Driving pure electric vehicles comes with new challenges that new and existing consumers face. Of those range anxiety is the most significant hurdle that EV driver faces in most countries. A common issue with most electric vehicles is that they typically need to be recharged after around two hundred miles of driving. While many EV drivers have home charging stations, the problem apperent during road trips. 

Therefore, having charging stations available becomes paramount to a successful road trip experience in an EV car. There are four main factors to consider when dealing with EV charging stations. Firstly, are there any charging stations available in the area where you will be driving? Secondly, do those available stations support fast DC charging and which rate can you expect the output to be? Next, do the available charging station support the type of charging connector you can have? Finally, are the stations available in good working conditions, or mostly offline?

The dataset analysed is for the global EV charging stations and will describe the state of each country EV infrastructure. Real-time data from 123 active countries, spanning 2010 to 2026, has been gathered to illustrate the growth of electric vehicles and assess the reliability of individual stations.
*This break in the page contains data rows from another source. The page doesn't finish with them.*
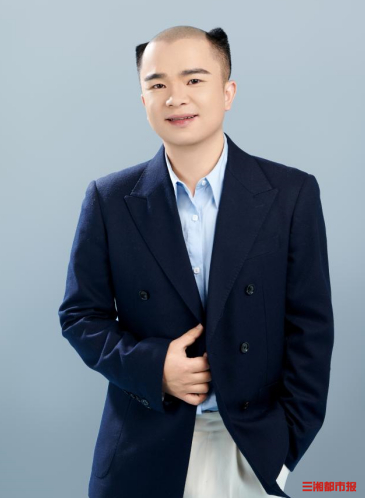 （陈宇卫独特的“地中海”发型）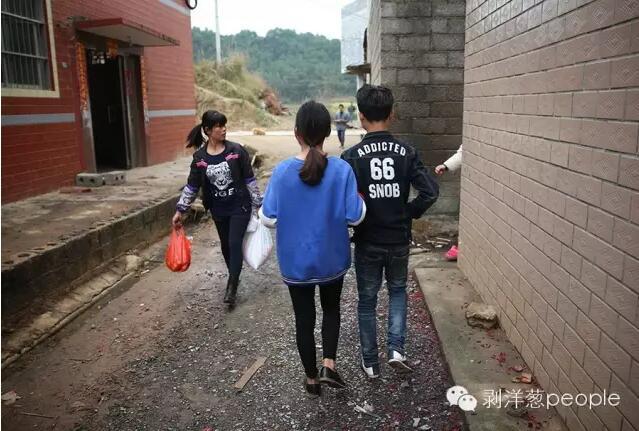 廣西16歲“娃娃夫妻”:我們還沒有養家的能力 廣西16歲“娃娃夫妻”:我們還沒有養家的能力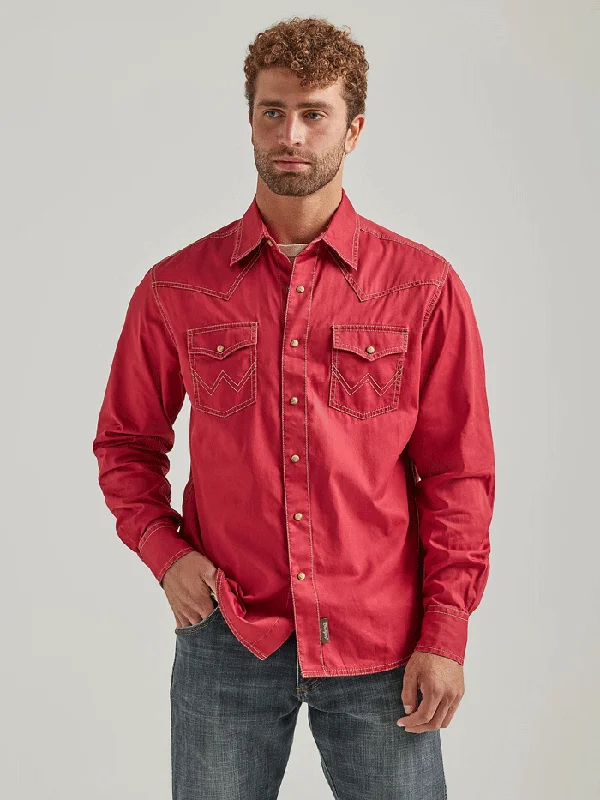 Men's western boots with a distressed leather finish for a rugged lookWrangler 112338147 Mens Retro Premium Long Sleeve Shirt Chili Red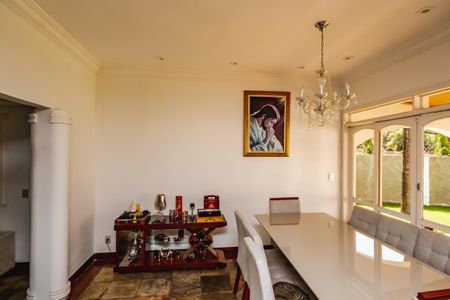 Casa à venda com 1450m², 3 quartos e 5 vagas Casa à venda com 1450m², 3 quartos e 5 vagasSala
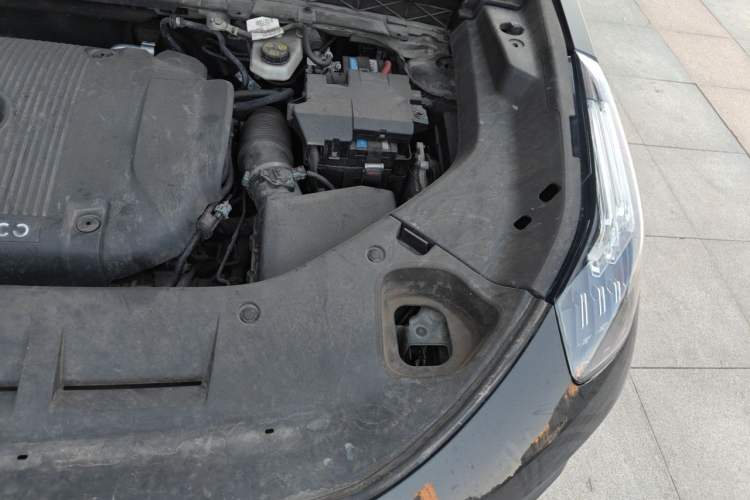 Used Lynk & Co 01 2021 2.0TD Four-Wheel Drive Dark Night Edition Engine Bay Left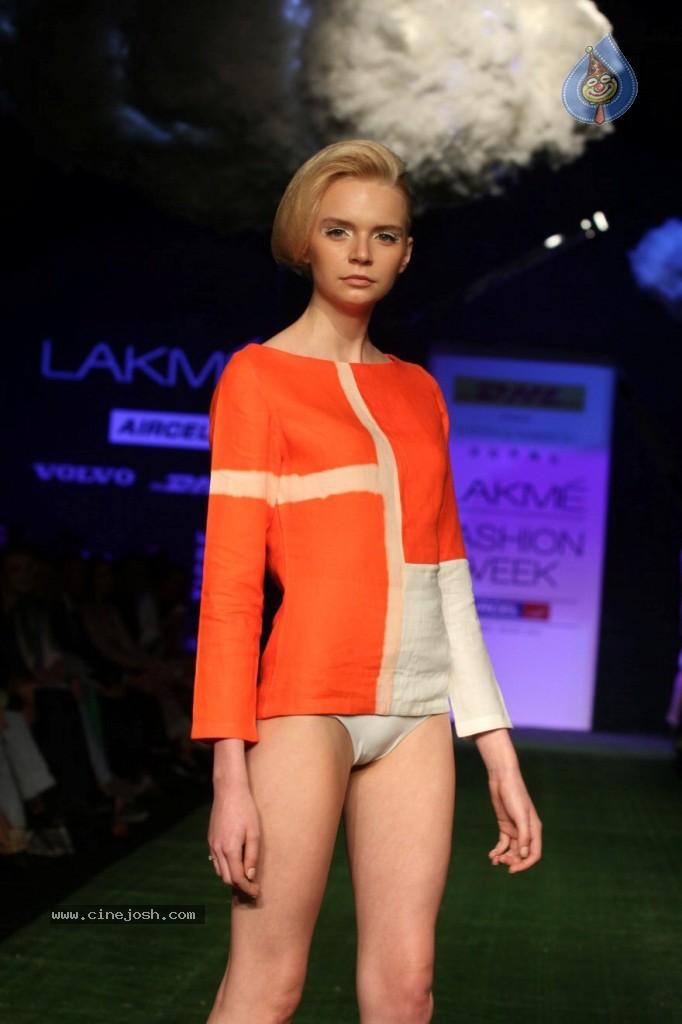 Celebs Walks the Ramp at LFW Summer Resort 2013 - 120 / 186 photos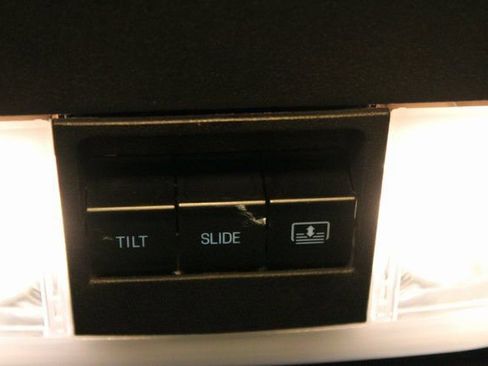 Used 2019 Ford Explorer XLT w/ XLT Sport Appearance Package image 29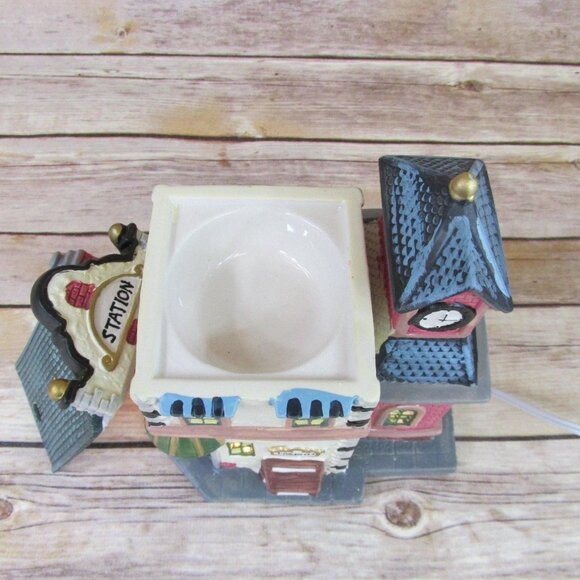 Christmas Town Village STATION Ceramic Oil Tart Melt Warmer - Picture 6 of 7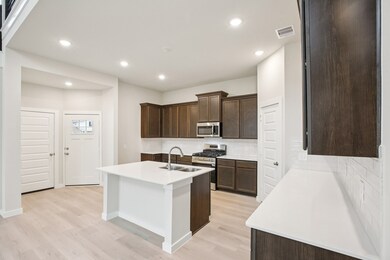 1183 Lilly Ln, Bellville, TX 77418 - photo 3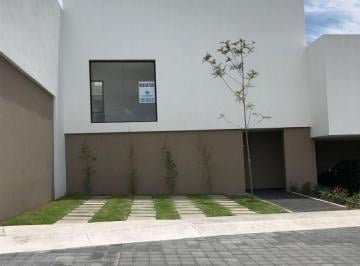 Casa en condominio · 242m² · 3 Recámaras · 2 Estacionamientos · Casa en Condominio en Venta en Cumbres del Lago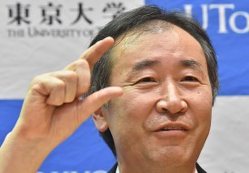ノーベル物理学賞受賞が決まり記者会見する梶田隆章・東大宇宙線研究所長=東京都文京区の東京大学で2015年10月6日、宮間俊樹撮影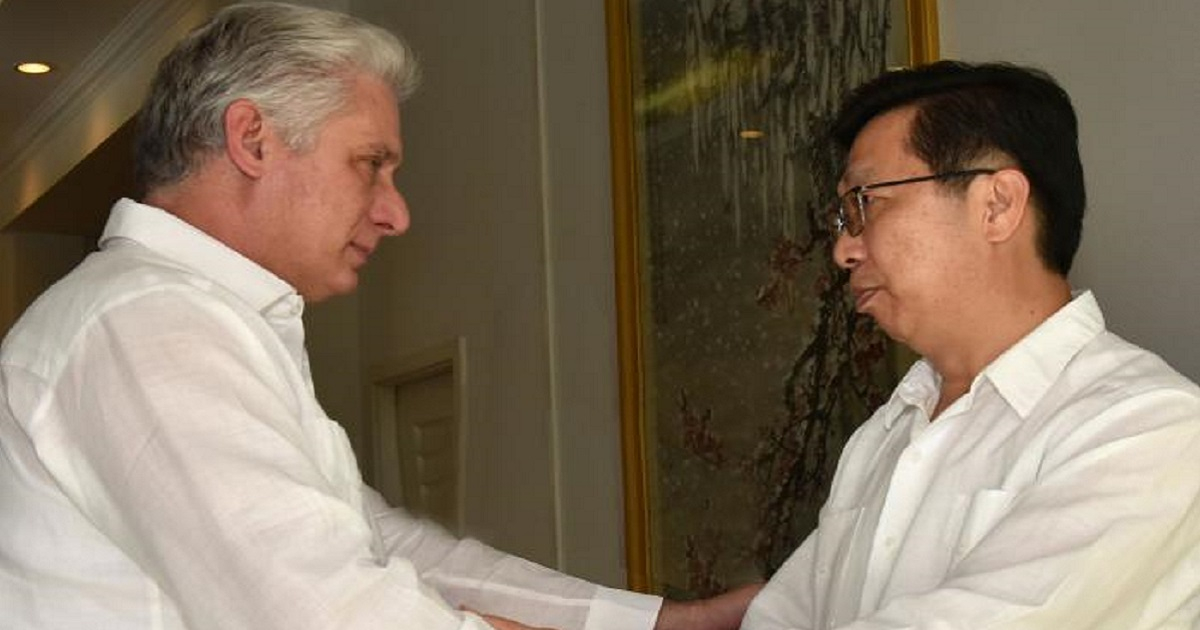 Miguel Díaz-Canel y el embajador de China en Cuba, Chen Xi © Cubadebate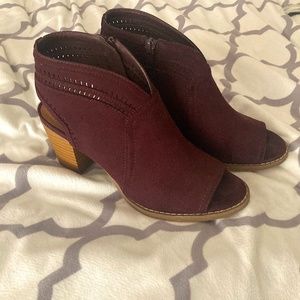 Sonoma Wedge Heels Size 7 1/2 medium Burgundy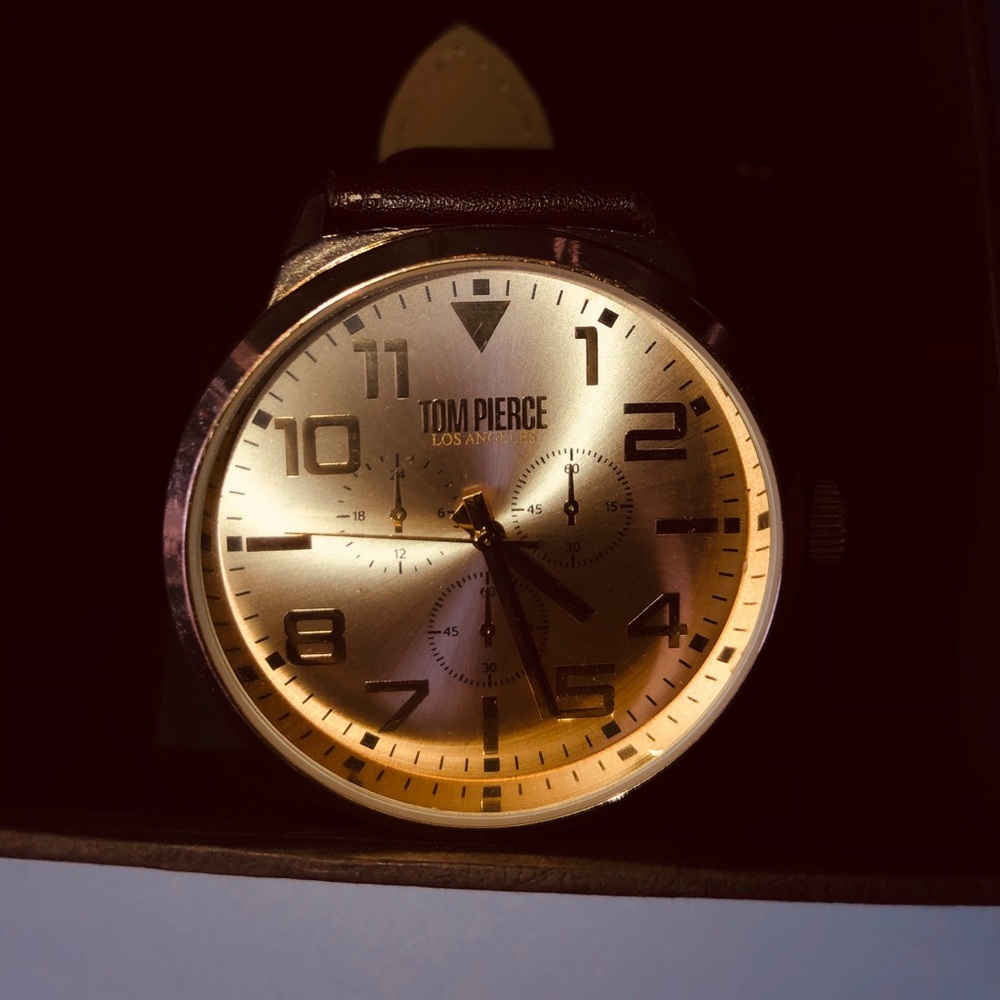 Gold color watch brown pleather strap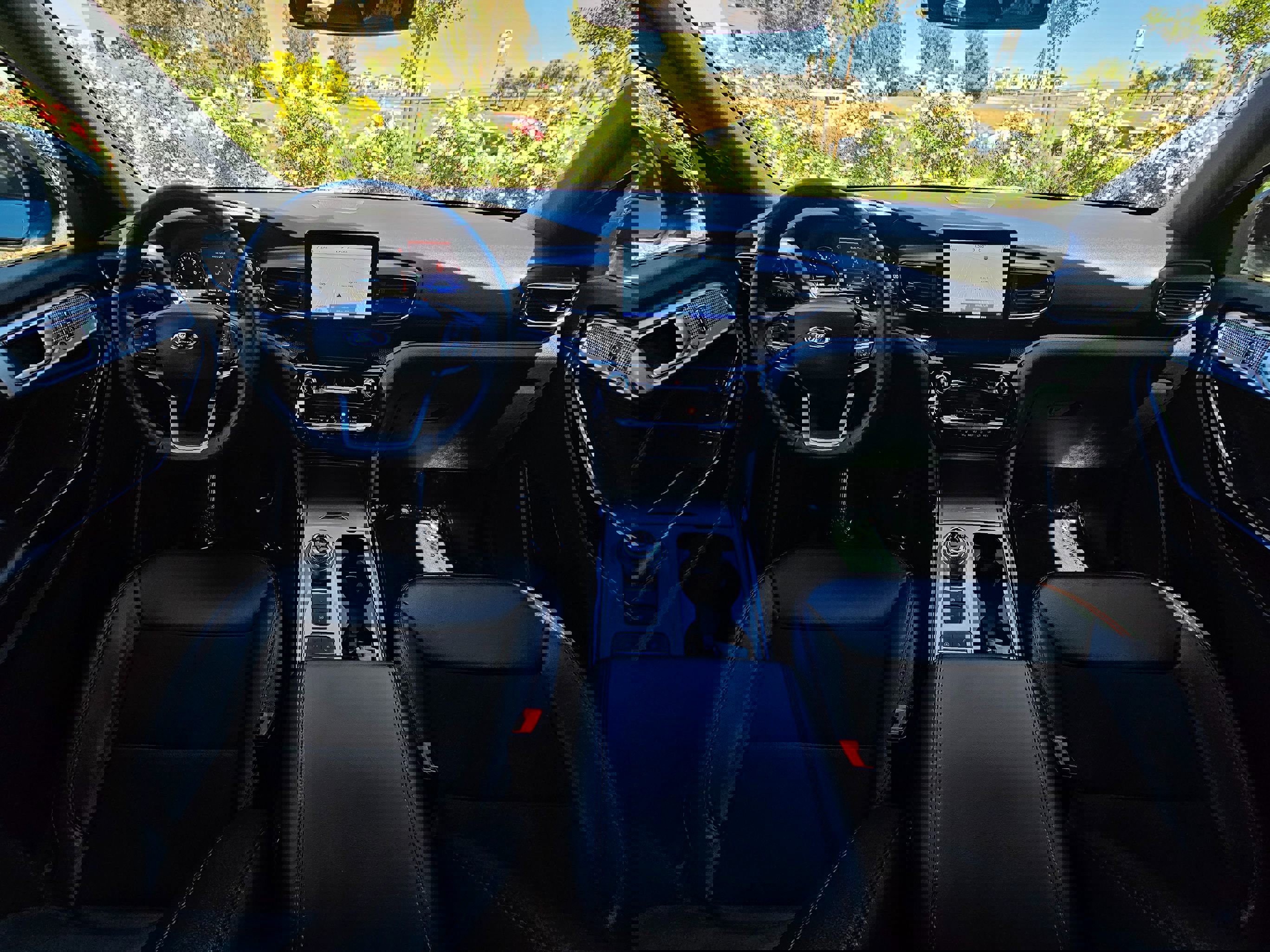 Used 2024 Ford Explorer ST-Line w/ Class IV Trailer Tow Package RWD image 22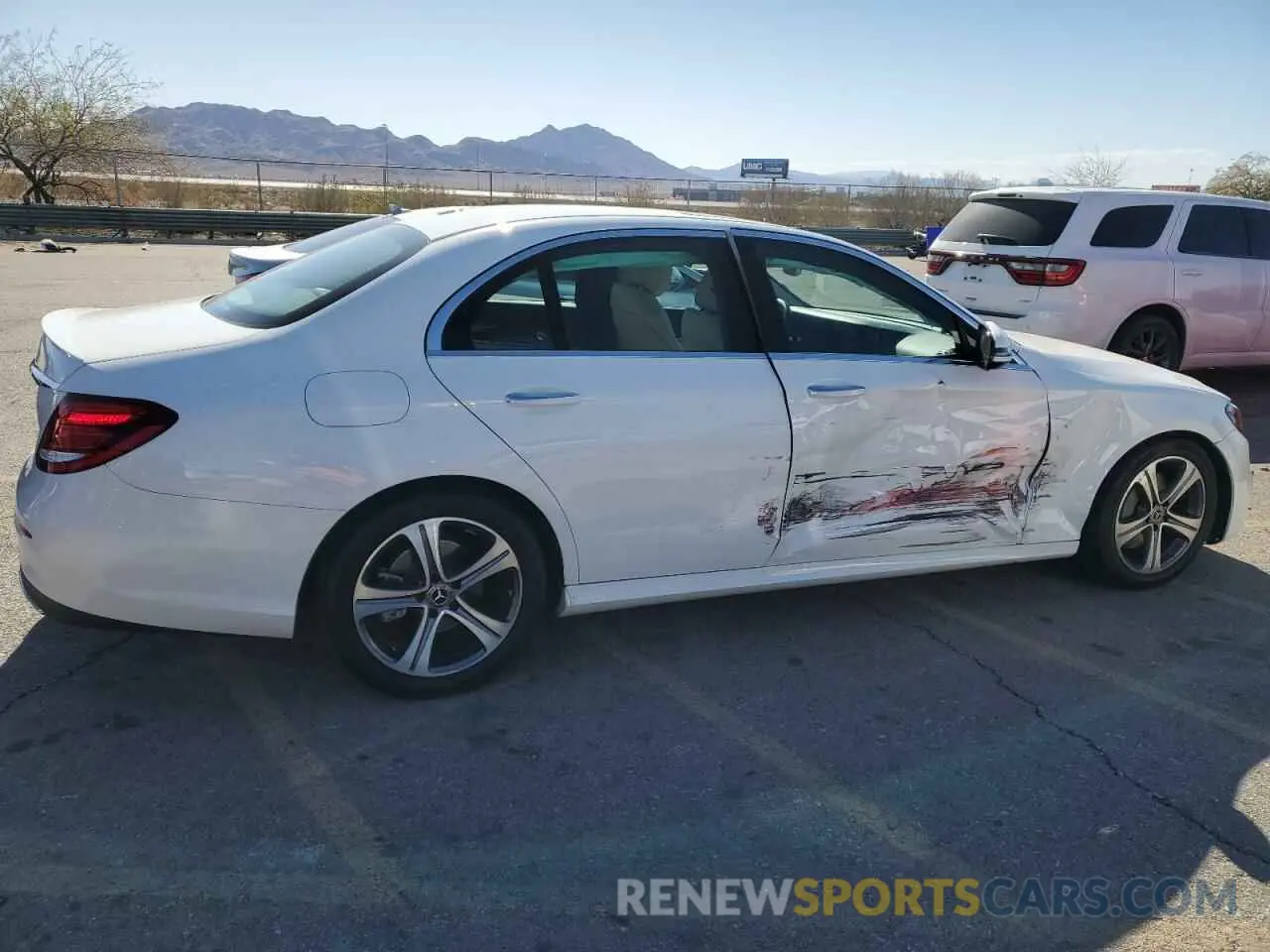 3 Photograph of a damaged car W1KZF8DB3LA821940 MERCEDES-BENZ E-CLASS 2020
Along with geographic data, the data includes station status, maximum power output, available connectors, and which year it was created.

My hypothesis is that the global EV infrastructure has grown significantly over the years and that will continue to grow in the decades to come. With the analysis we will explore if that is the case and what countries have reached a critical density of reliable EV station for an everyday consumer to feel comfortable driving anywhere in their EV without extensive planning.

Dataset: https://www.kaggle.com/datasets/sohails07/global-ev-charging-station-network-2010-2026

Questions seeking to answers:

1. Has the EV charging infrastructure rollout increase over time year over year?
2. Which countries have enough EV chargers?

# Data Understanding

In [1]:
import pandas as pd
import numpy as np

# Suppress SettingWithCopyWarning
pd.options.mode.chained_assignment = None  # default='warn'
# Ensure future behavior for downcasting is explicit
pd.set_option('future.no_silent_downcasting', True)

df = pd.read_csv('global_ev_charging_station.csv')

# select relevant columns
dfSelect = df[['StationID', 'Country', 'Town', 'Latitude', 'Longitude', 'MaxPowerKW', 'ConnectionTypes', 'StatusType', 'YearCreated']]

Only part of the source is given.